Dichondra argentea, Zones 8–9

While not as hardy or cold-tolerant as frog fruit, silver ponyfoot really shines when it’s in its element. Its silver-gray foliage looks bright and shiny in sunlight, and it provides a beautiful backdrop for more colorful bloomers planted among it. Grown as a ground cover, it won’t get taller than 2 to 4 inches. This plant requires an open, sunny spot that is well drained. It’s more cold-sensitive than the other species I mention here, acting as a perennial in Zones 8 and above, but it is easily used as an annual in Zones 7 and below. The blooms are not noticeable, but the foliage is what makes this plant special.

Purple poppy mallow
Purple poppy mallow has the color and characteristics of many other native wildflowers, but at a fraction of the height. Photo: Karen Beaty

Purple poppy mallow

Callirhoe involucrata, Zones 4–9

Purple poppy mallow, or winecup, produces 2-inch-wide bright purple flowers shaped like a cup.
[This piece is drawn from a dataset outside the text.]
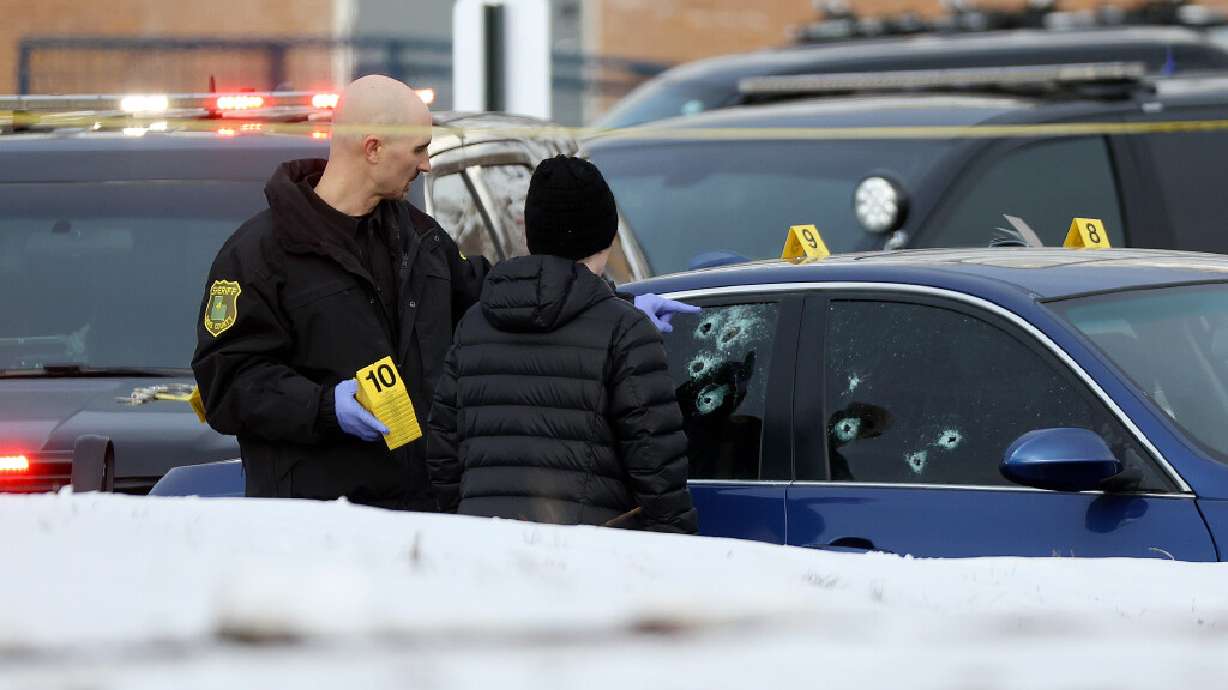Emergency responders work at the scene of a police shooting in Farmington on Wednesday. The man shot by officers following what began as a "routine traffic stop" has died.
This plant is a low sprawler with dark green, deeply incised foliage that is somewhat variable in shape. This species is a little taller than the others mentioned here, occasionally reaching 12 inches in height with its blooms fully extended. It is more typically found growing at about half that height. Purple poppy mallow blooms throughout the spring and summer and is quite easy to grow. It can grow in sun or partial shade, dry or moist soil, rocky or sandy soil, and alkaline or acidic soil. Rabbits like to nibble down this perennial’s foliage, but I have successfully dissuaded them with nontoxic powder repellents such as Enviro Pro’s Rabbit Scram, and this plant is worth the trouble.

Consider one of these low-growing beauties the next time you need something short and sweet in your garden. And keep in mind that all four of these picks are quite drought tolerant.

—Karen Beaty is a horticulturalist at the Lady Bird Johnson Wildflower Center in Austin, Texas.